*** DATA UNDER STUDY Section Begins ***
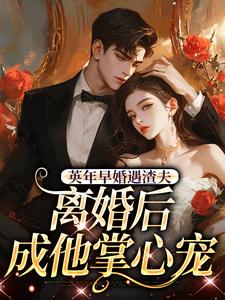 姜纱纱韩霁英年早婚遇渣夫，离婚后成他掌心宠全本免费在线阅读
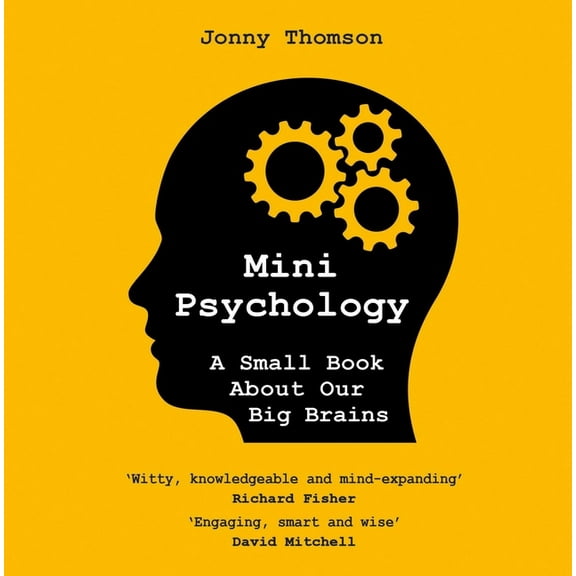 Mini Psychology: A Small Book about Our Big Brains, (Hardcover)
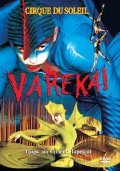 Another movie Cirque du Soleil: Varekai of the director Dominic Champagne.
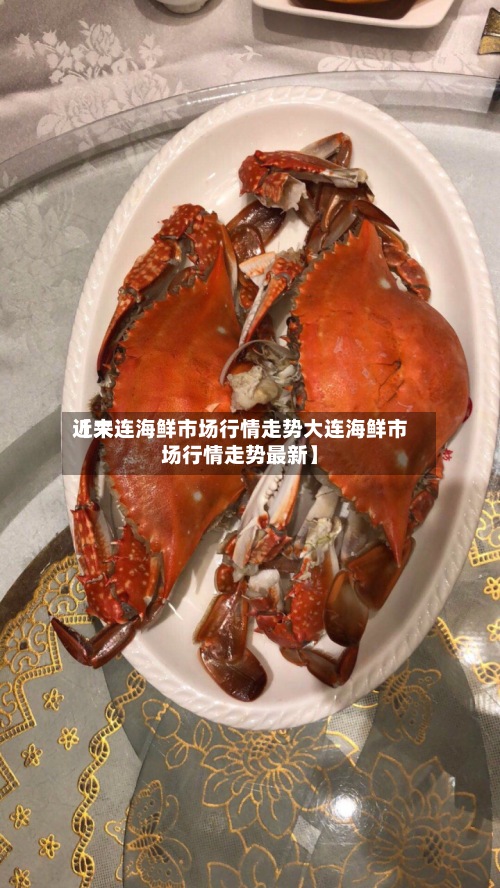 近来【大连海鲜市场行情走势大连海鲜市场行情走势最新】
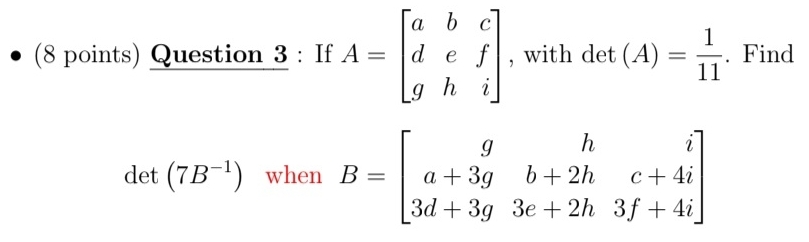 If A=beginbmatrix a&b&c d&e&f g&h&iendbmatrix , with det (A)= 1/11 . Find 
det (7B^(-1)) when B=beginbmatrix g&h&i a+3g&b+2h&c+4i 3d+3g&3e+2h&3f+4iendbmatrix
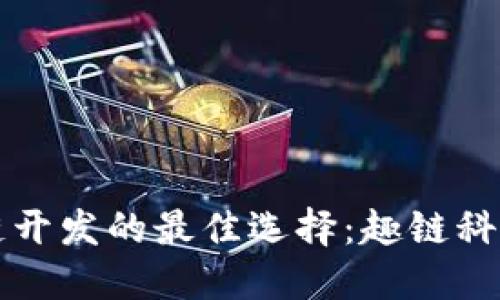 区块链开发的最佳选择：趣链科技详解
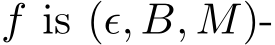  f is (ǫ, B, M)-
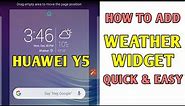 How To Add WEATHER Widget To Home Screen Of Huawei Y5
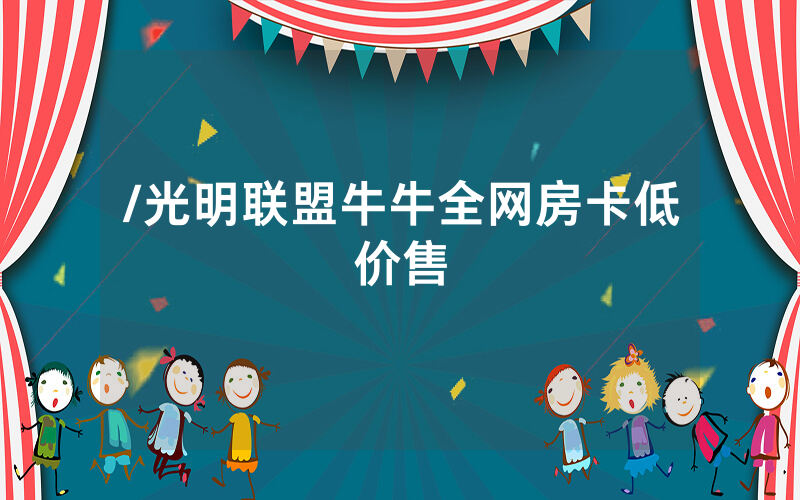 /光明联盟牛牛全网房卡低价售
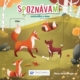Spoznávam zvieratká v lese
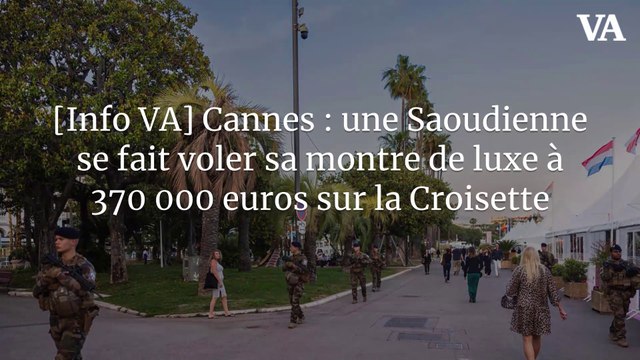 [Info VA] Cannes : une Saoudienne se fait voler sa montre de luxe à 370 000 euros sur la Croisette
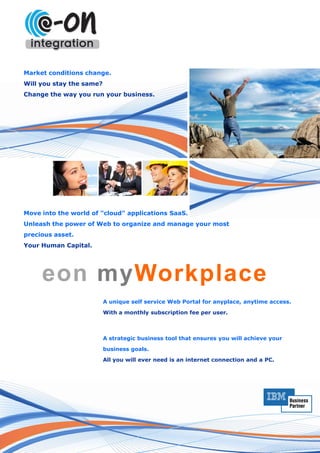Market conditions change.
Will you stay the same?
Change the way you run your business.




Move into the world of "cloud" applications SaaS.
Unleash the power of Web to organize and manage your most
precious asset.
Your Human Capital.




     eon myWorkplace
                          A unique self service Web Portal for anyplace, anytime access.

                          With a monthly subscription fee per user.



                          A strategic business tool that ensures you will achieve your

                          business goals.
                          All you will ever need is an internet connection and a PC.
 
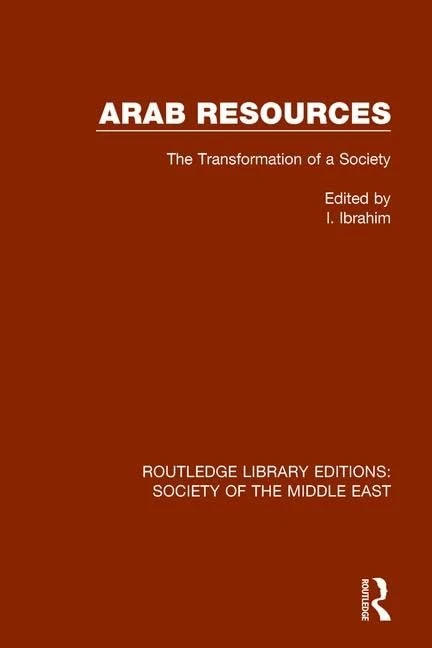 Routledge Arab Resources: The Transformation of a Society 3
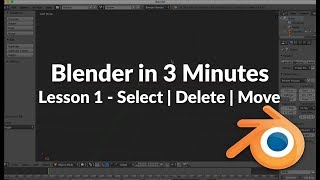 Blender in 3 Minutes - Lesson 1- Select /Move / Delete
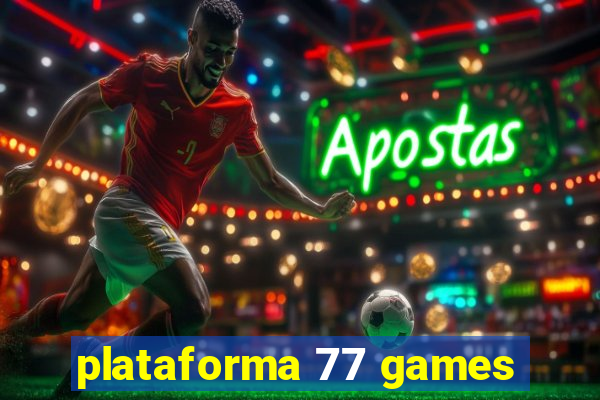 plataforma 77 games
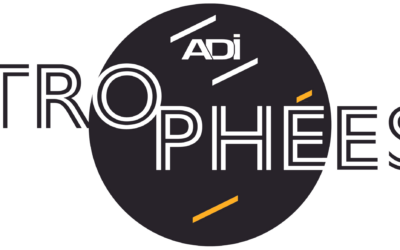 LES TROPHÉES DE L’ADI : NOUVELLE CAMPAGNE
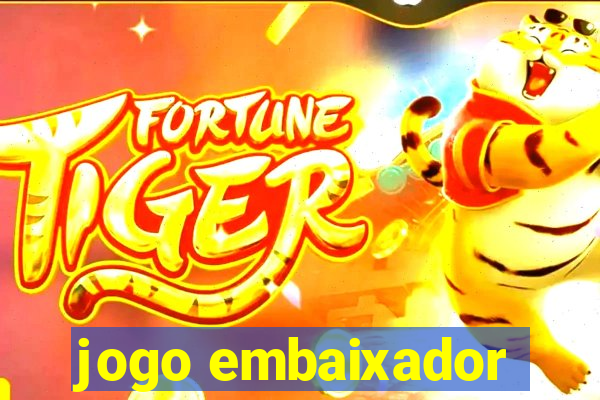 jogo embaixador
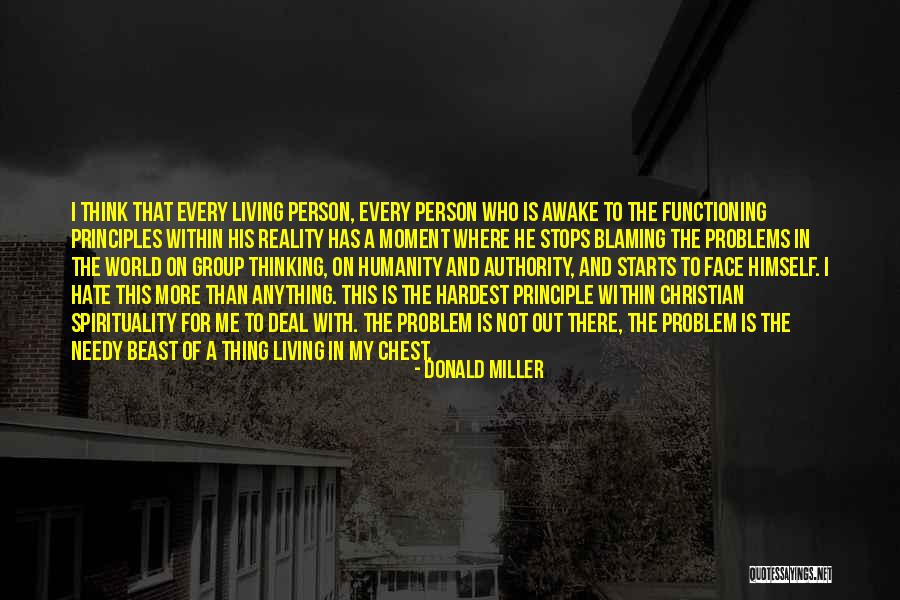 Hate Living Without You Quotes By Donald Miller Hate Living Without You Quotes By Donald Miller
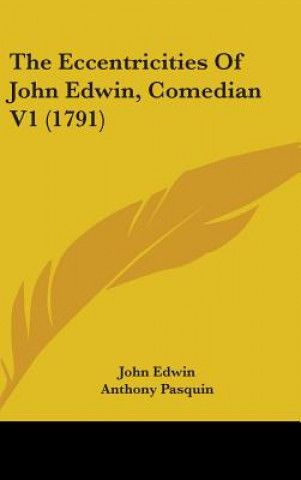 Książka The Eccentricities Of John Edwin, Comedian V1 (1791) John Edwin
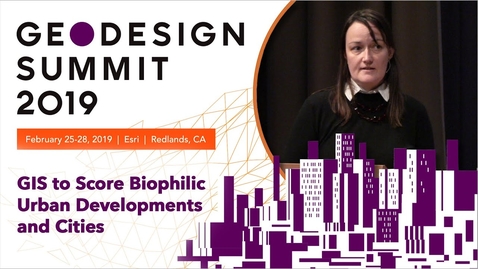 Thumbnail for GIS to Score Biophilic Urban Developments and Cities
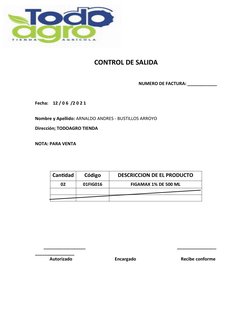 CONTROL DE SALIDA
NUMERO DE FACTURA: ____________
Fecha:    12 / 0 6  /2 0 2 1
Nombre y Apellido: ARNALDO ANDRES - BUSTILL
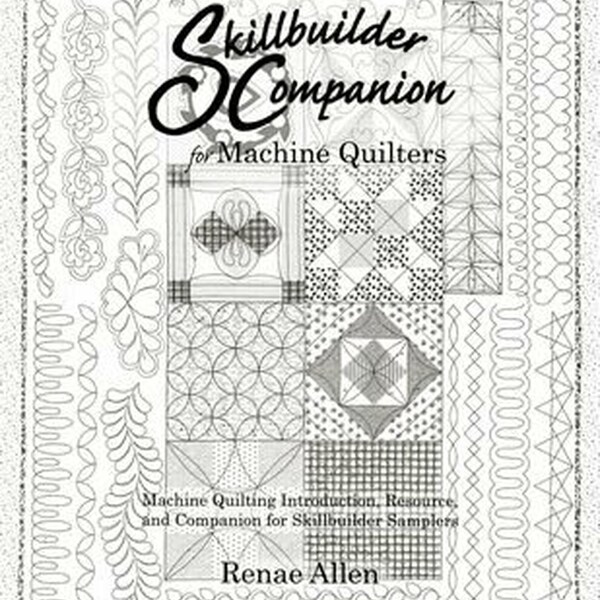 Skillbuilder Companion for Quilting by Machine Softcover Book by Renae Allen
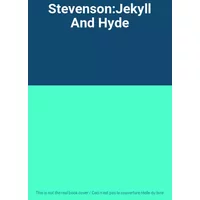 Stevenson:Jekyll And Hyde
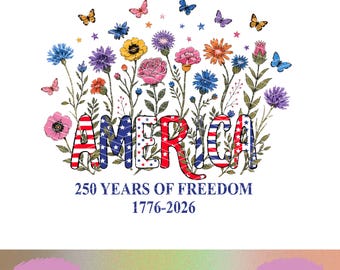 America 250 Years of Freedom PNG Patriotic Wildflower Sublimation Design 1776 2026 Shirt Floral 4th of July Cricut File 250th Anniversary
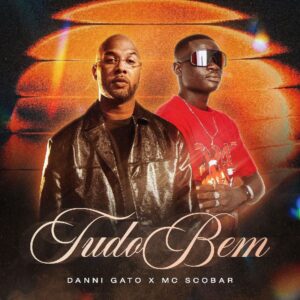 Danni Gato - Tudo Bem (Mc Scobar) 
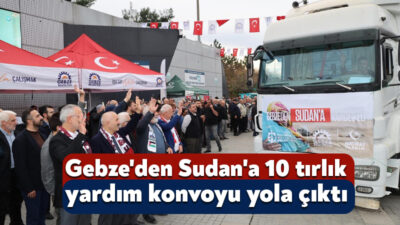 Kocaeli'nin Gebze ilçesinden Sudan'a gönderilen 10 tır dolusu insani yardım
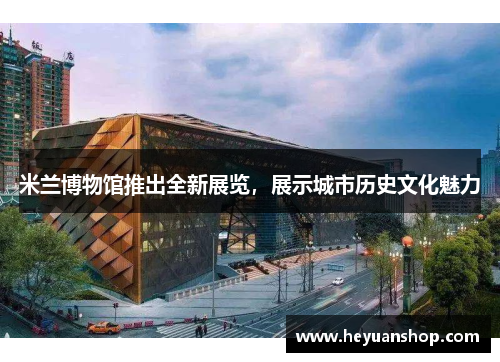 米兰博物馆推出全新展览，展示城市历史文化魅力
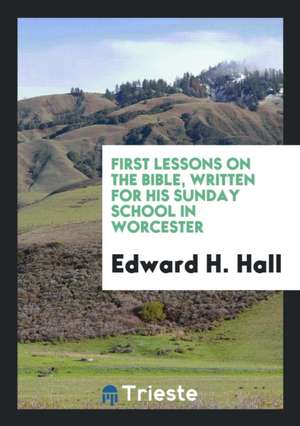 First Lessons on the Bible, Written for His Sunday School in Worcester de Edward H. Hall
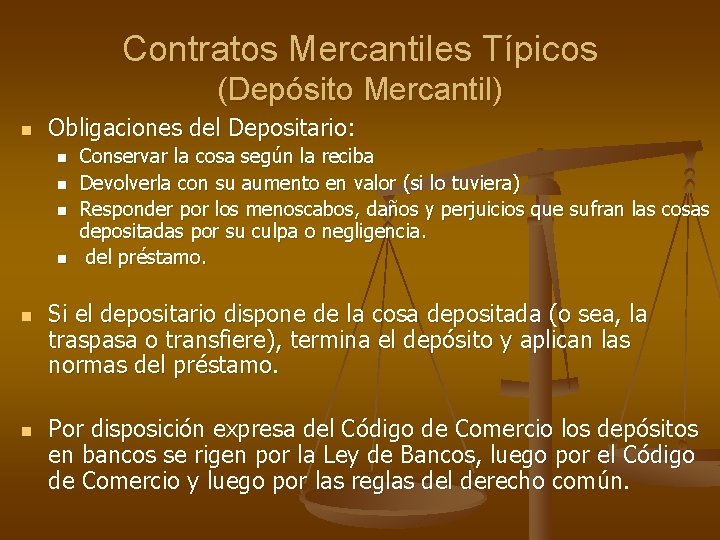 Contratos Mercantiles Típicos (Depósito Mercantil) n Obligaciones del Depositario: n n n Conservar la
*** DATA UNDER STUDY Section Ends ***
▸ AIM OF THE TASK
Among the entries above, take the line with "If A=beginbmatrix a&b&c", the line with "Książka The Eccentricities", and all the lines between them, and restate them word for word without pictures.

▸ EXERCISE OUTPUT
 If A=beginbmatrix a&b&c d&e&f g&h&iendbmatrix , with det (A)= 1/11 . Find 
det (7B^(-1)) when B=beginbmatrix g&h&i a+3g&b+2h&c+4i 3d+3g&3e+2h&3f+4iendbmatrix
 区块链开发的最佳选择：趣链科技详解
  f is (ǫ, B, M)-
 How To Add WEATHER Widget To Home Screen Of Huawei Y5
 /光明联盟牛牛全网房卡低价售
Spoznávam zvieratká v lese
 [Info VA] Cannes : une Saoudienne se fait voler sa montre de luxe à 370 000 euros sur la Croisette
Market conditions change.
Will you stay the same?
Change the way you run your business.




Move into the world of "cloud" applications SaaS.
Unleash the power of Web to organize and manage your most
precious asset.
Your Human Capital.




     eon myWorkplace
                          A unique self service Web Portal for anyplace, anytime access.

                          With a monthly subscription fee per user.



                          A strategic business tool that ensures you will achieve your

                          business goals.
                          All you will ever need is an internet connection and a PC.
 
 Routledge Arab Resources: The Transformation of a Society 3
 Blender in 3 Minutes - Lesson 1- Select /Move / Delete
 plataforma 77 games
 LES TROPHÉES DE L’ADI : NOUVELLE CAMPAGNE
 jogo embaixador
 Hate Living Without You Quotes By Donald Miller Hate Living Without You Quotes By Donald Miller
 Książka The Eccentricities Of John Edwin, Comedian V1 (1791) John Edwin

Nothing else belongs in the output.